Usain Bolt's quest to take home the gold medal in this year's IAAF World Athletics Championships was cut short by USA's Justin Gatlin and Christian Coleman after the Jamaican sprinter fell short of the USA duo's 9.92 and 9.94 records respectively. Coleman, early on, dominated the first few seconds of the race, but it was Gatlin who ultimately won the race with a point of a second ahead of his teammate. Usain Bolt, on the other hand, finished third and unable to deliver his promise to win one more gold.

Usain Bolt's retirement race

According to BBC, Usain Bolt's final year in the athletics competition is marred by issues on his fitness and conditioning.

Despite that, the world's No. 1 sprinter promised to take home the gold in the IAAF World Athletics Championships. His slow start put him at a disadvantage where his reaction time compared to that of Justin Gatlin is at 0.183 against the latter's 0.05. Christian Coleman, despite finishing second, helped Gatlin slow down Bolt in a hold off taking the last 15 meters for the gold.

After the race, during an interview with Bolt, he acknowledged his shortcoming saying "I tightened up at the end and that is something you should never do. I didn't execute when it mattered. I am not fully comfortable in those blocks but you have to work with what you have. I can't complain about that." Gatlin thanked Bolt and said that despite being rivals on the track, they are also significantly friendly about it.
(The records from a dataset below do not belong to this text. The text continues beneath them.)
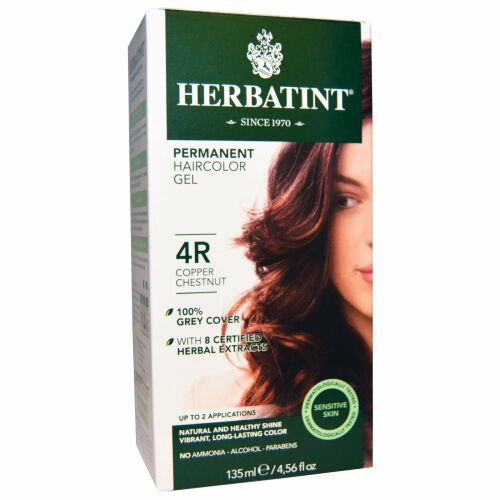 Herbatint, パーマネントヘアカラージェル（Permanent Haircolor Gel）, 4R, 銅栗（Copper Chestnut）, 4.56液量オンス（135 ml）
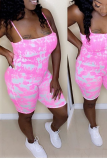 Pink Sexy Patchwork Tie-dye Spaghetti Strap Skinny Rompers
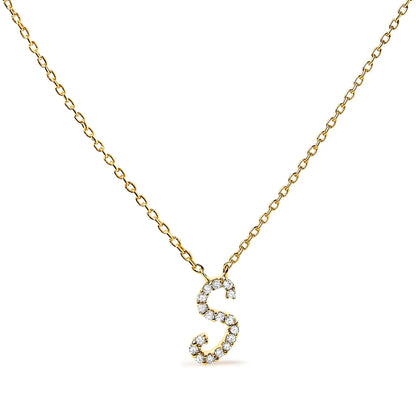Gold-tone chain necklace with diamond-accent A-style initial pendant on Tampa Home & Garden Store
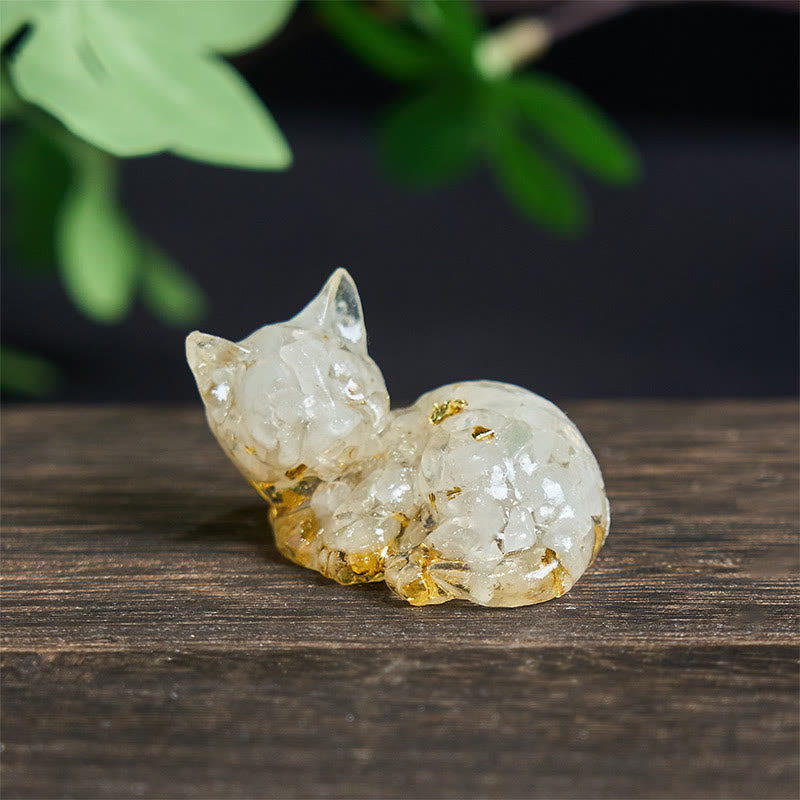 Buddha Stones, fragmento de cristal, resina epoxi, decoración pequeña con forma de gato.  - Turquesa blanca (32*43*53 mm) - image 7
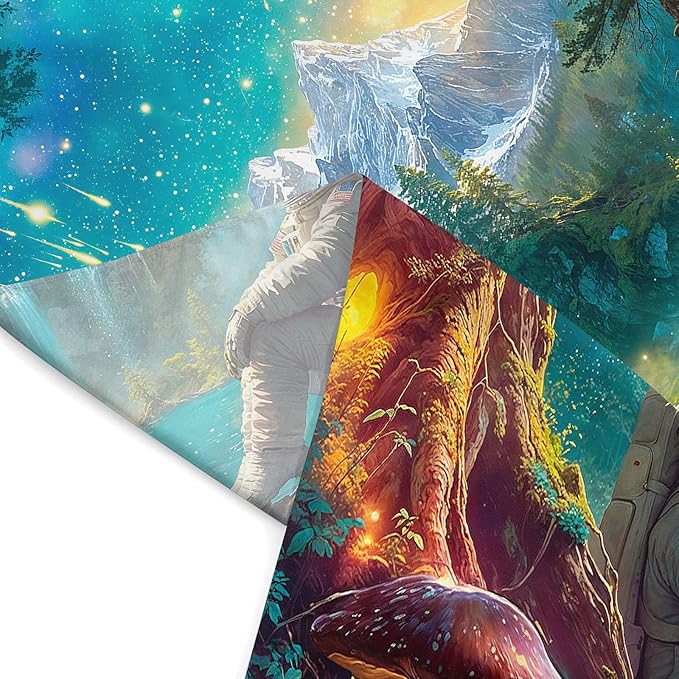 Zussun Mushroom Forest Tapestry Astronaut Nature Waterfull Snow Mountain Tapestry for Bedroom Aesthetic Fairy Moon Landscape Small Tapestries Wall Hanging for Dorm Living Room Decor 60 x 44 Inch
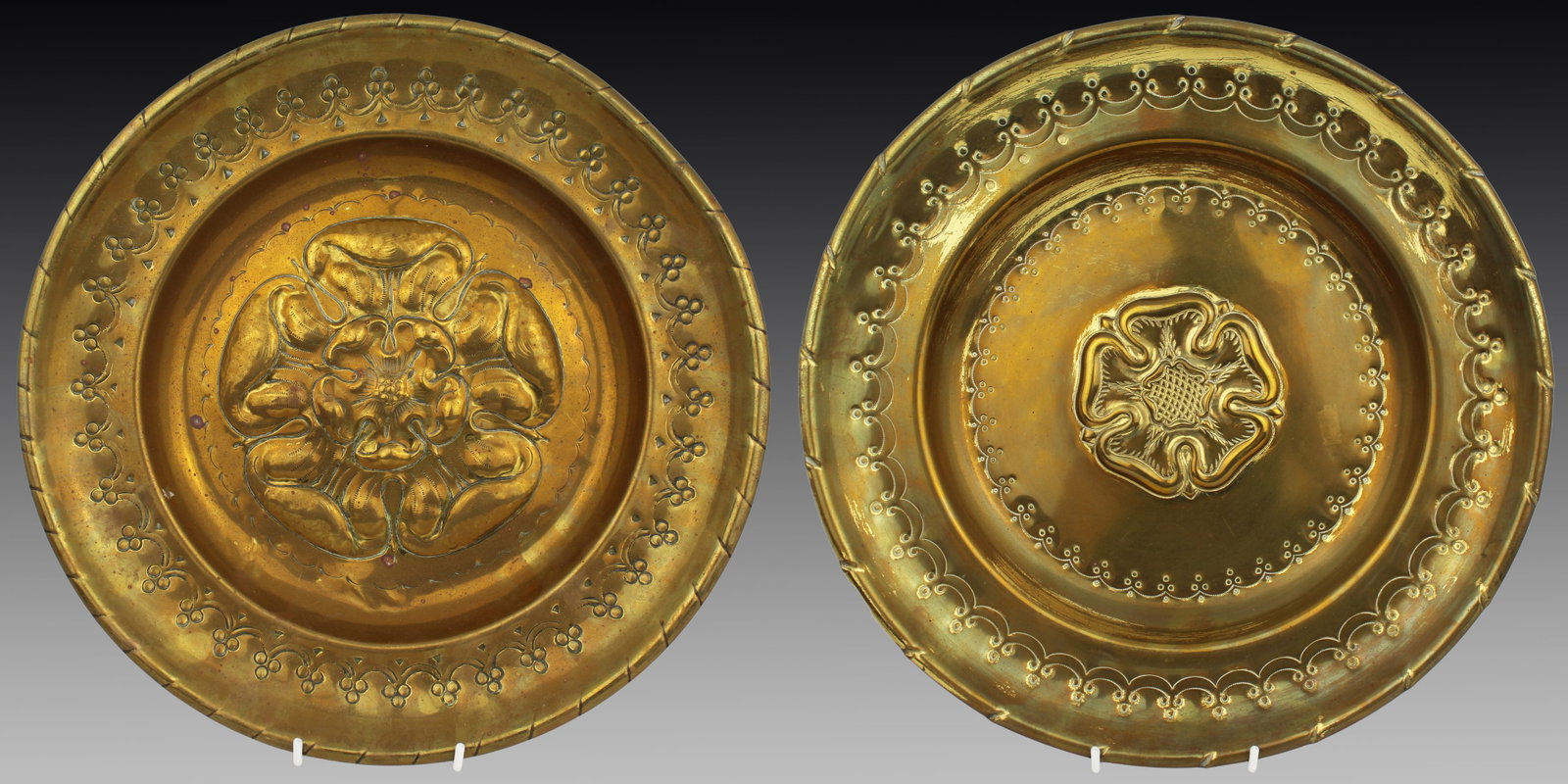 Collection of 8 Antique Brass Wall Chargers & Plates - 4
After the race, he said that Bolt congratulated him and even defended him saying he did not deserve the "boos" from the crowd.

Comments on the race

Meanwhile, Michael Johnson; a four-time Olympic champion said he was confident it was Christian Coleman who will take home the gold and not Gatlin. Apparently, he also noticed how Bolt showed a slow start; unable to keep up with the two US athletes.

He also mentioned how the former No. 1 "grimaced" through the race, something that he is not known for in any of his races.

Justin Gatlin, on the other hand, makes an excellent comeback after being banned twice for turning positive on doping. In 2006, Gatlin was slapped with a lifetime ban after testing positive on testosterone, but because he cooperated with the authorities, his ban was reduced to eight years, which eventually came down to four years after Gatlin's camp made an appeal. His woes could be the reason why he received so much "boos" during the competition, something that Gatlin said, he tuned out before the race.